Hoeven's top goal as governor is to create more economic activity and better-paying jobs in North Dakota. To accomplish that, his business education will prove vital. "I believe that business is about building relationships," he says. "Quality government also means a good customer-service orientation."

That Kellogg value guided Hoeven during the state's last legislative session, when he spearheaded the consolidation of numerous state offices into one Commerce Department. "Our resources were fragmented," he says. "People were chasing all over trying to get things done. This way, we will reduce the red tape, and that will enable us to give better customer service to our citizens."

What makes Kellogg a prime place for nurturing political talent? The school's culture, which emphasizes teamwork and contributions to the greater good, self-selects for those inclined to lead, says Professor Don Haider, director of Kellogg's program in public/nonprofit management.

"A lot of people come here with political talents that we nurture, refine, direct, and add further value to," Haider says. "We've been able to reach out and attract people with those kinds of qualities."

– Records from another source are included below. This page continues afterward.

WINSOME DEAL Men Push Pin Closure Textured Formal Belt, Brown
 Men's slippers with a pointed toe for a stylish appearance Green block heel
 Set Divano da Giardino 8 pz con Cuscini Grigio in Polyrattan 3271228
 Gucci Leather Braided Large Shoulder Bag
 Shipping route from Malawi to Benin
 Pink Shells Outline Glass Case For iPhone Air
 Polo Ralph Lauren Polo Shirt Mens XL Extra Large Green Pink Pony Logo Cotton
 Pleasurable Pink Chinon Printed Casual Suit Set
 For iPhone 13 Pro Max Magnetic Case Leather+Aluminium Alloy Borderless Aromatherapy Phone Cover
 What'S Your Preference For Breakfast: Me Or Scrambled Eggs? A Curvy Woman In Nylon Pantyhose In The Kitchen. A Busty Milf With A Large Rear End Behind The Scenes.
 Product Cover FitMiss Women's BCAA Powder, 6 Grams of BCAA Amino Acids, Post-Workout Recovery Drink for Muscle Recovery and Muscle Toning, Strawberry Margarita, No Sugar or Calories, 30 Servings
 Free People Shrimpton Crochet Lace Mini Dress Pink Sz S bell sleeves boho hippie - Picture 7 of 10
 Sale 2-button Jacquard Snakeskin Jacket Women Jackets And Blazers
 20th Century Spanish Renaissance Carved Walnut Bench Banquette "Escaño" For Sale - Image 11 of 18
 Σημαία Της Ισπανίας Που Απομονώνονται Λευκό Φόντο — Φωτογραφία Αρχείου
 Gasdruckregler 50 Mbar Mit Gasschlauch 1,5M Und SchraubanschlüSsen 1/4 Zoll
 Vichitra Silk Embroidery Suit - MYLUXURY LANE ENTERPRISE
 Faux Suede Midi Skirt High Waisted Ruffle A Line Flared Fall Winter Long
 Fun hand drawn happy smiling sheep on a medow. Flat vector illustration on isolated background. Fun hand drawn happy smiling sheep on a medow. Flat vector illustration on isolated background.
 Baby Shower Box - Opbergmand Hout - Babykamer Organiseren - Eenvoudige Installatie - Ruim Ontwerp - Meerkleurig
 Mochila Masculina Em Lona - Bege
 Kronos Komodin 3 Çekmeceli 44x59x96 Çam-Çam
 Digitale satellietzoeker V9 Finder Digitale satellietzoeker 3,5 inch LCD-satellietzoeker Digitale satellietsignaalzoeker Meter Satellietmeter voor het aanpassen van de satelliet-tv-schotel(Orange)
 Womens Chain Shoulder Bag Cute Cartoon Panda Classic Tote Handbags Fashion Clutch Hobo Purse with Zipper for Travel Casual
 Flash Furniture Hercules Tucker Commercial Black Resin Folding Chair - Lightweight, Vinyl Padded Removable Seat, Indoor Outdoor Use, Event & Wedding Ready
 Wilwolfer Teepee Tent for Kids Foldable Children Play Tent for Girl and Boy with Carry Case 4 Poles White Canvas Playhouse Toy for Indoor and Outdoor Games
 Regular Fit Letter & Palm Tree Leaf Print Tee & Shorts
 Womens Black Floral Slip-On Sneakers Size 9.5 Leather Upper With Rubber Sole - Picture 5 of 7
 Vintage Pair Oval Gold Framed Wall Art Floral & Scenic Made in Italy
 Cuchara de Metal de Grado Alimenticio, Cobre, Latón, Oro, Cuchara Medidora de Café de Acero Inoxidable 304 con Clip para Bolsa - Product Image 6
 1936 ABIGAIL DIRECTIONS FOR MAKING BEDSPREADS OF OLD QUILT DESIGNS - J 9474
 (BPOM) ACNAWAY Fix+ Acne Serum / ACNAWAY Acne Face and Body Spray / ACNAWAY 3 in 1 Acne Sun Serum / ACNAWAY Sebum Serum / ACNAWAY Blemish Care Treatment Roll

Certainly, the school is replete with political role models. Dean Emeritus Donald Jacobs served on the staffs of several U.S. banking committees before assuming the helm of the school in 1975. Haider himself spent many years in top positions in the U.S. and municipal governments after joining the school's faculty in 1973, including a stint as budget director and chief financial officer for the city of Chicago. Professor Walter Scott has served in the federal Office of Management and Budget. Haider and fellow Public/Nonprofit faculty member Anne Cohn Donnelly have served as White House fellows, as have several alumni.

In fact, the school may claim the next governor of Illinois on its faculty: Public Management Professor Michael Bakalis is an announced Democratic candidate for the 2002 race. Numerous other political figures have taught and lectured at the school, including former presidential candidates Jack Kemp and Jesse Jackson.

Students in the Global Initiatives in Management program regularly meet with top-ranking officials in the countries they visit. And many Kellogg courses explore the impact of business on government, and vice versa.

"Public service is something everyone should consider at some point in their lives," Haider says. "It adds immeasurably to your skill set. You have multiple constituents, unsolvable problems, extraordinarily high expectations, and you're asked to do the impossible in a very short amount of time. You're relating to people who often have not been hired for their main skills, but for other qualities. On top of that, you have to succumb to the electorate every two to four years.

"These are skills you don't get in the corporate world. You can take them back into your business life, and they will help you understand the stakeholders and the increasing complexity of the business world."

Dorothy Coyle has certainly found that to be the case.

"The Kellogg degree is really marketable to any type of job. The important thing is how you use it," she says. "I know I am a better manager now because I have the tools needed in today's dynamic and complex marketplace."